IQL functions
InfoSum’s Insight Query Language (IQL) provides functions to analyze connected data.
This reference article describes the IQL functions you can use to query datasets using the Query Tool. Three IQL functions are available: COUNT, AGGREGATE and TOPN.
IQL and SQL functions: Although IQL functions are loosely based on SQL functions, we do not support any other SQL-type functions other than COUNT, AGGREGATE and TOPN. Due to differential privacy requirements, we are unable to offer SUM and AVG functions in IQL. IQL only returns counts on keys, which means it is not possible to perform SUM or AVG type functions on attributes. All counts from COUNT, AGGREGATE and TOPN are differentially private and we have proven that it is not possible to use our current IQL functionality to re-identify individuals.

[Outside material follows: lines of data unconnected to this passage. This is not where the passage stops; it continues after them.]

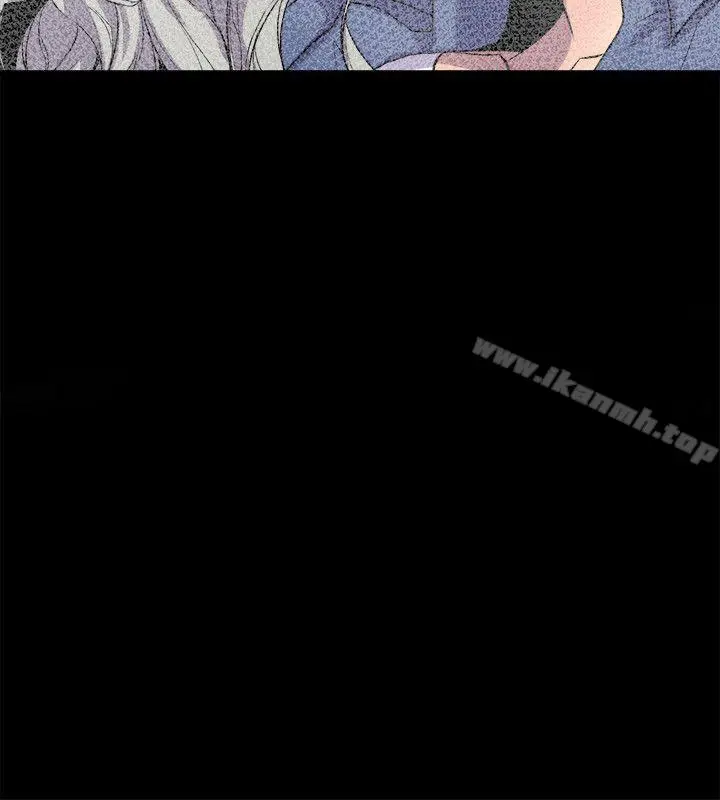 漫画《窥视》第27话第36张图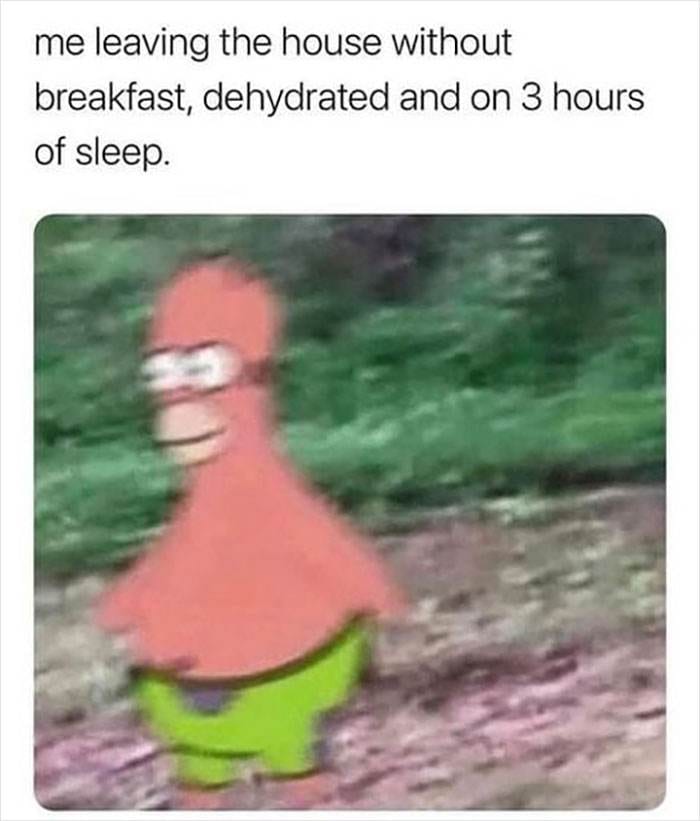 Nugget Memes Instagram 64491A562C039 700
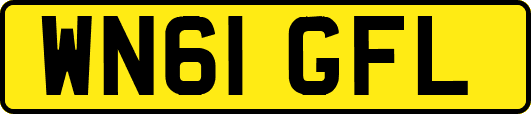 WN61GFL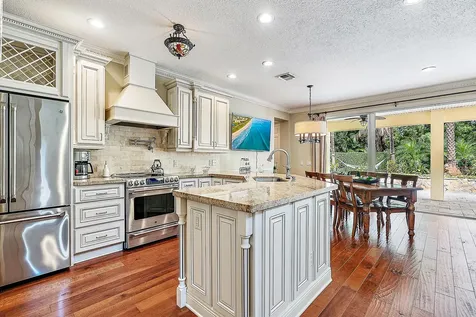 140 Sweet Bay Circle Jupiter FL 33458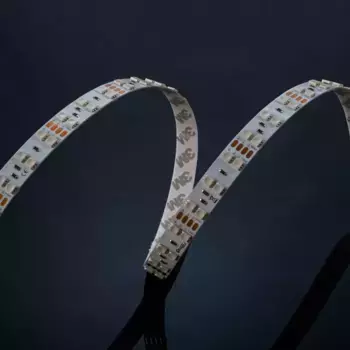 Светодиодная лента DesignLed DSG5120-24-RGB-33 012710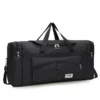 SaeeNova Handbag, Multi-Functional, Suitable for Travel, Fitness Activities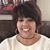 Sylvia Witt's profile image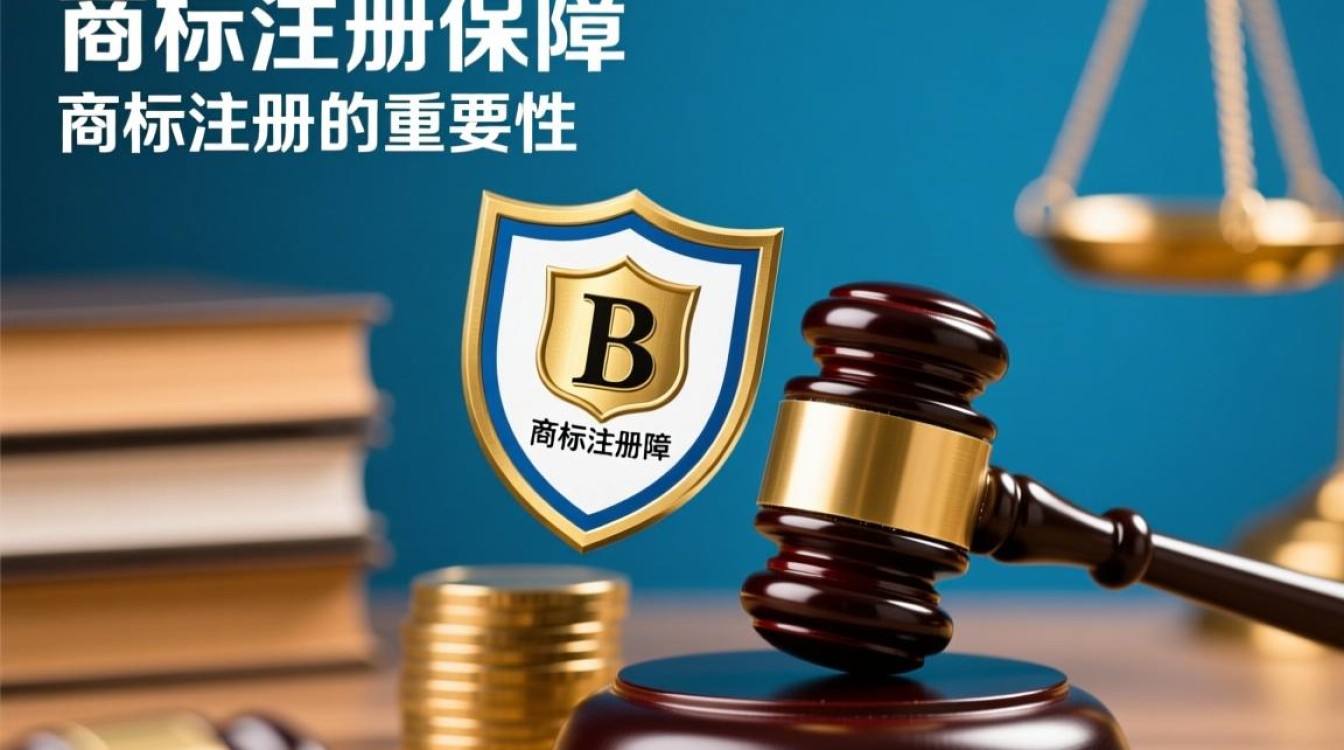 唇回味商标注册商标注册流程及注意事项有哪些？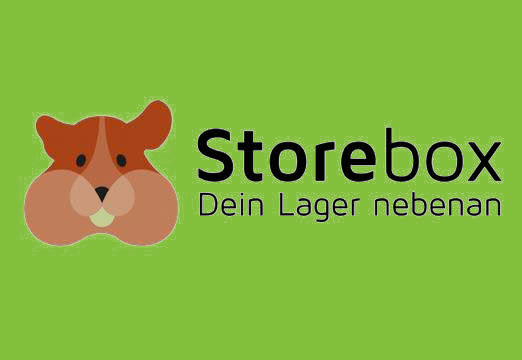 Storebox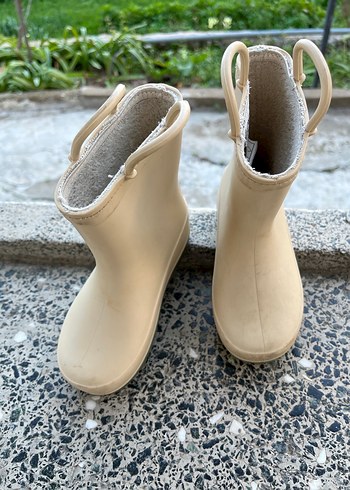 Lcw yağmur botu - Görsel 2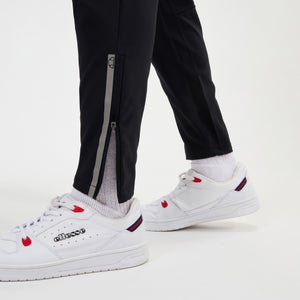 Trainingshose Striker für Herren Schwarz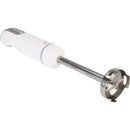 Jata, Hand Blender 700 W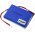 Battery for Olympia payment terminal CM941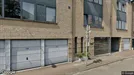 Apartment for rent, Brussels Sint-Pieters-Woluwe, Brussels, Rue Konkel<span class="blurred street-number" onclick="ProcessAdRequest(17688425)"><span class="hint">See no.</span>[xxxxxx]</span>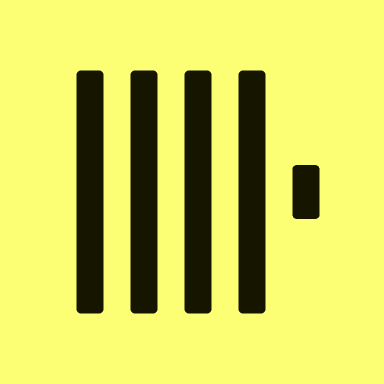 ClickHouse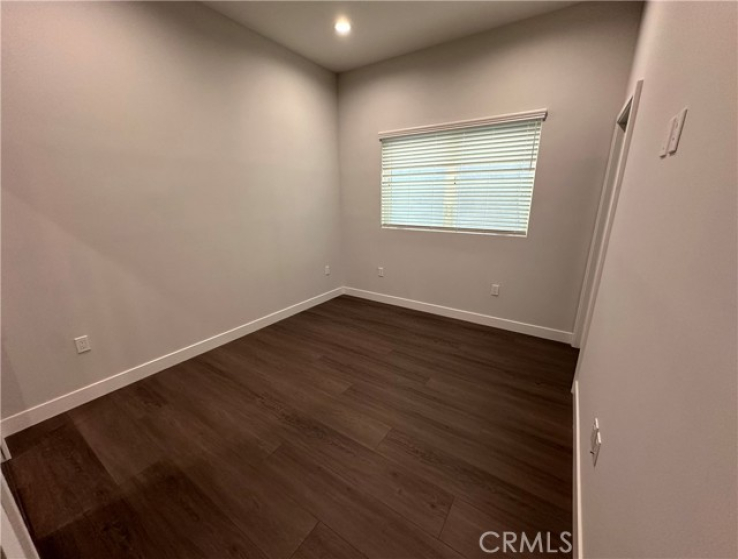 2 Bed Home to Rent in Glendale, California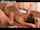 orgasm shaking squirt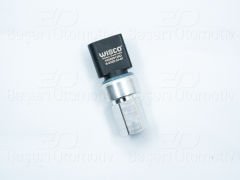 BASINC SENSORU | VW T5 TOURAN TIGUAN SHARAN POLO PASSAT JETTA GOLF6 GOLF5 CADDY  A1 95 > | WISCO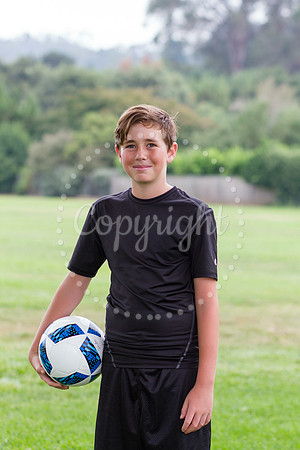 3_Ajax05IMG_9114-Edit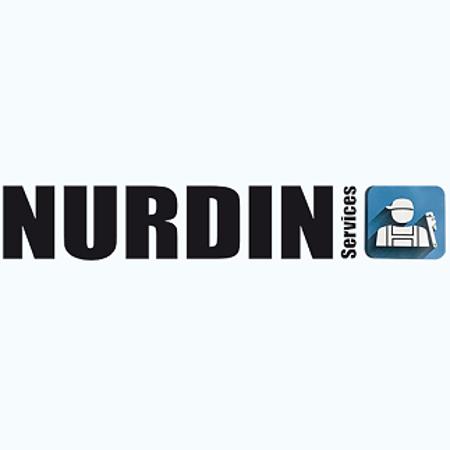 Nurdin Services Mont Saint Aignan
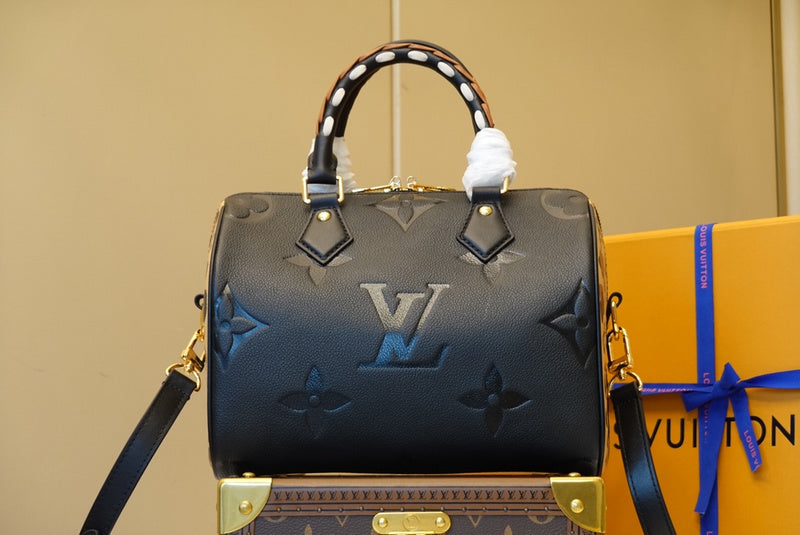 Satchel Bags - VL Bags - 5433
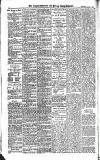 Croydon Advertiser and East Surrey Reporter Saturday 15 August 1885 Page 4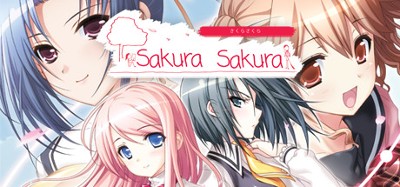 Sakura Sakura Image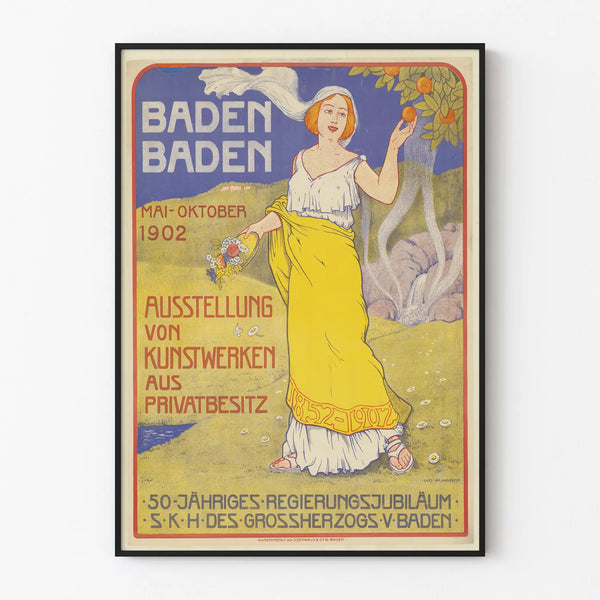 baden-baden-mai-oktober-1902-ausstellung-von-kunstwerken-aus-privatbesitz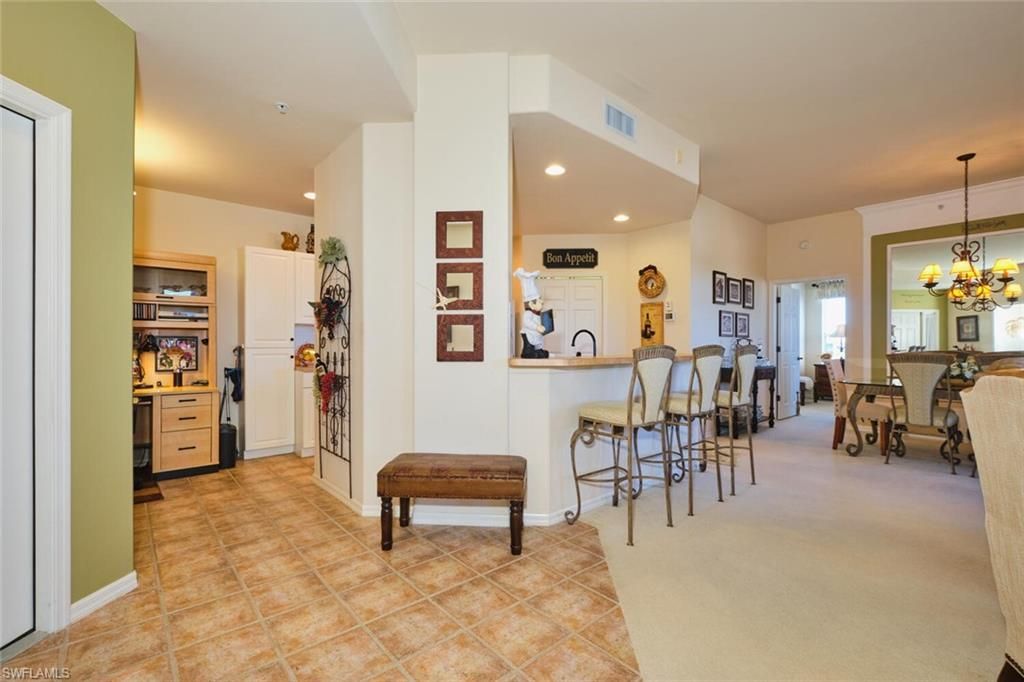 9190 Southmont Cv, Unit 310, Fort Myers, FL 33908 Photo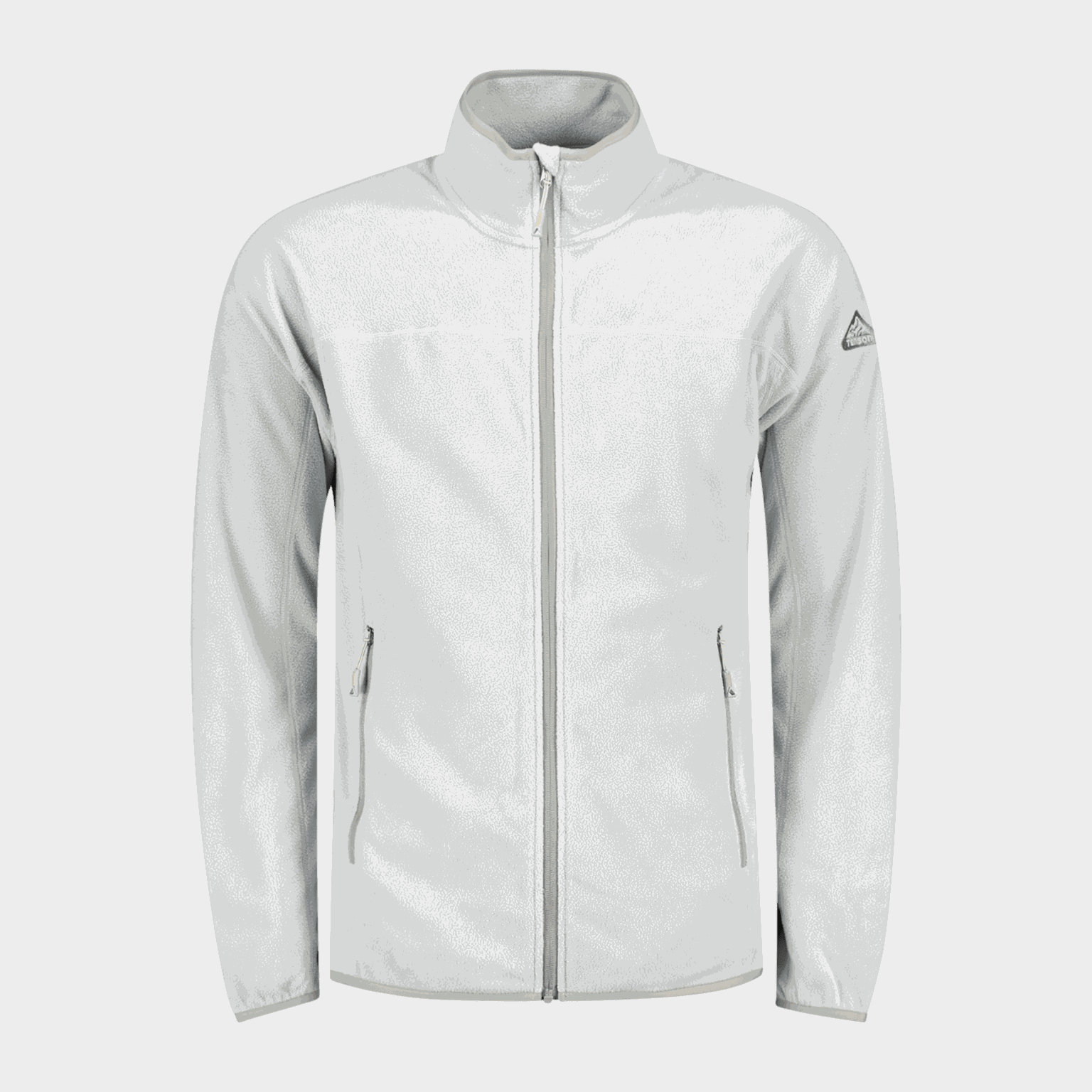 Himalaya Full Zip Fleece, fleecegenser - full image 1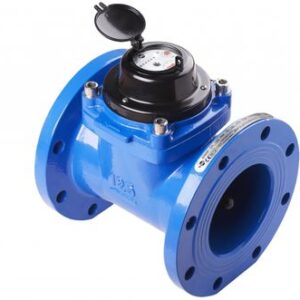 Объемный счетчик, WMAP, MADDALENA SPA 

For more information on IQL, see the IQL reference documentation.
All the examples in this article use the tutorial datasets available on InfoSum Platform.
COUNT
Description
COUNT returns the number of records in a dataset or combination of datasets.
COUNT returns a number based on the number of matching keys, which tells you the size of that audience.
Syntax
SELECT
COUNT()
FROM dataset
Examples
To return the number of unique records in a dataset:
SELECT
COUNT()
FROM ACME
Output:
To return the number of unique records in a combination of datasets:
SELECT
COUNT()
FROM ACME INTERSECT LifeWeek
Output:
To segment this result, you can apply any number of filters. When we say apply filters, we mean to set attribute-based rules to only include a type of individual in the result. For example, the query below counts the number of unique individuals in three datasets who meet the income and location criteria.
SELECT
COUNT()
FROM ACME INTERSECT LifeWeek INTERSECT AutoSportsR
WHERE AutoSportsR."Personal Income"/Income > 20000
AND ACME."existing customer"/"existing customer" = 'Yes'
Output:
To return the number of unique records between two values in a dataset:
SELECT COUNT()
FROM ACME
WHERE ACME.Age BETWEEN 20 AND 50
Output:
To return the number of unique records for multiple values in a dataset:
SELECT COUNT()
FROM ACME
WHERE ACME.Gender/"Binary and Other" IN ('Female','Other')
Output:
AGGREGATE
Description
AGGREGATE performs a calculation on individual records and returns a summarized representation of those values. AGGREGATE requires you to specify how the statistics are reported on - either as bins or representations.
Syntax
SELECT
Aggregate(
Category {bin1, bin2, bin3},
Category Category/Representation
)
FROM dataset
Note: An AGGREGATE query must always contain either a bin or a representation or both, otherwise an error message will be returned. Category is a specific type of information contained in a dataset.
Using Bins
This section describes how you can use bins with AGGREGATE. A bin is a group of values that are counted together when using an insight query to produce statistical reports. For example:
SELECT
Aggregate(
Category {bin1, bin2, bin3},
Category {'string1', 'string2'}
)
FROM dataset
Where:
- Each bin or string is separated with a comma and a space (e.g. bin1, bin2). Additionally, each string is enclosed with single quotes.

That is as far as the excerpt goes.